[Source records]

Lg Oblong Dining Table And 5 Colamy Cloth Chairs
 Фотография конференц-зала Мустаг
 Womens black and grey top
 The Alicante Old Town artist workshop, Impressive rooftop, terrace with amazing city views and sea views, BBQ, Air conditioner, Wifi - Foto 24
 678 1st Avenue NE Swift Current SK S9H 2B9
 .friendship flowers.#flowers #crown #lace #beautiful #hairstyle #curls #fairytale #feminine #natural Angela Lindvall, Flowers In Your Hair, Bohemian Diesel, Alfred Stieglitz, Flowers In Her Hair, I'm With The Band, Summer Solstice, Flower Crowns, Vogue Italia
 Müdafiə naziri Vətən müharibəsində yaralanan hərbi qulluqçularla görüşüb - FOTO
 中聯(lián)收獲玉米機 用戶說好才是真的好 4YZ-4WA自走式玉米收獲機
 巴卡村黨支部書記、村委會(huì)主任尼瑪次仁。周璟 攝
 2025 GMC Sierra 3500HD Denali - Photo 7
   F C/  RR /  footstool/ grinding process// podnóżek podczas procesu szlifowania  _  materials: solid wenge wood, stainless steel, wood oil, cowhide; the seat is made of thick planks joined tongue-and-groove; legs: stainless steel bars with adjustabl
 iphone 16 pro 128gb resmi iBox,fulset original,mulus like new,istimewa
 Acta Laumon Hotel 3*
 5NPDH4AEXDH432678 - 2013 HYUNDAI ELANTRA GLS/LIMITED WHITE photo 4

Task directions
Copy the entries word for word. Leave nothing out.

Solution to the exercise
Lg Oblong Dining Table And 5 Colamy Cloth Chairs
 Фотография конференц-зала Мустаг
 Womens black and grey top
 The Alicante Old Town artist workshop, Impressive rooftop, terrace with amazing city views and sea views, BBQ, Air conditioner, Wifi - Foto 24
 678 1st Avenue NE Swift Current SK S9H 2B9
 .friendship flowers.#flowers #crown #lace #beautiful #hairstyle #curls #fairytale #feminine #natural Angela Lindvall, Flowers In Your Hair, Bohemian Diesel, Alfred Stieglitz, Flowers In Her Hair, I'm With The Band, Summer Solstice, Flower Crowns, Vogue Italia
 Müdafiə naziri Vətən müharibəsində yaralanan hərbi qulluqçularla görüşüb - FOTO
 中聯(lián)收獲玉米機 用戶說好才是真的好 4YZ-4WA自走式玉米收獲機
 巴卡村黨支部書記、村委會(huì)主任尼瑪次仁。周璟 攝
 2025 GMC Sierra 3500HD Denali - Photo 7
   F C/  RR /  footstool/ grinding process// podnóżek podczas procesu szlifowania  _  materials: solid wenge wood, stainless steel, wood oil, cowhide; the seat is made of thick planks joined tongue-and-groove; legs: stainless steel bars with adjustabl
 iphone 16 pro 128gb resmi iBox,fulset original,mulus like new,istimewa
 Acta Laumon Hotel 3*
 5NPDH4AEXDH432678 - 2013 HYUNDAI ELANTRA GLS/LIMITED WHITE photo 4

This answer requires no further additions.